Nords, thanks for the heads-up (and for doing the interview!).  I listened to the first 20 minutes (I'm saving the rest for in-flight listening on an upcoming trip) and it's really great stuff so far.
I listened while walking to and from work yesterday. Really enjoyed the conversation - I always appreciate your perspective on things, Nords.
Nords and Joshua -- thanks for this. I appreciate the patience and long term view on investing. I'm getting a bit frustrated with trying to get a rental in a hcol area and your metaphor on investing and a bus was really helpful for me to chill out and put things in perspective.
Thanks, everyone!

Yay - Another Nords pod cast. Really enjoyed his last one with Joshua and looking forward to this one - especially the buy vs. own talk as that is an issue I struggle with.
I focus mostly on the active-duty part of that decision, and you already know I favor renting for that.

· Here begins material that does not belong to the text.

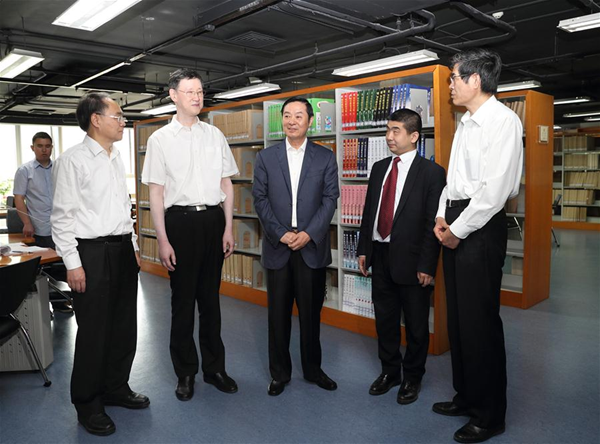 Liu Qibao (C), member of the Political Bureau of the Communist Party of China (CPC) Central Committee and head of the committee's Publicity Department, listens to a brief report as he inspects China Braille Publishing House before China's national day for the disabled, which falls on May 21, in Beijing, capital of China, May 19, 2017. [Photo/Xinhua]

When leaving active duty, ownership is a highly individual decision.  For example we bought our "dream house" in a nice neighborhood with great schools on a huge lot (huge for Hawaii, anyway).  15 years later it's still a nice neighborhood but we're empty-nesters rattling around in a bigger home than we need, and in 15-20 more years we'll be struggling with the yardwork.  (All of these issues have solutions, and we're not planning to move.)  Ownership was a great deal when we bought (at 65 cents on the dollar) but today it's problematic.  We also don't see the value in downsizing or renting.  Yet.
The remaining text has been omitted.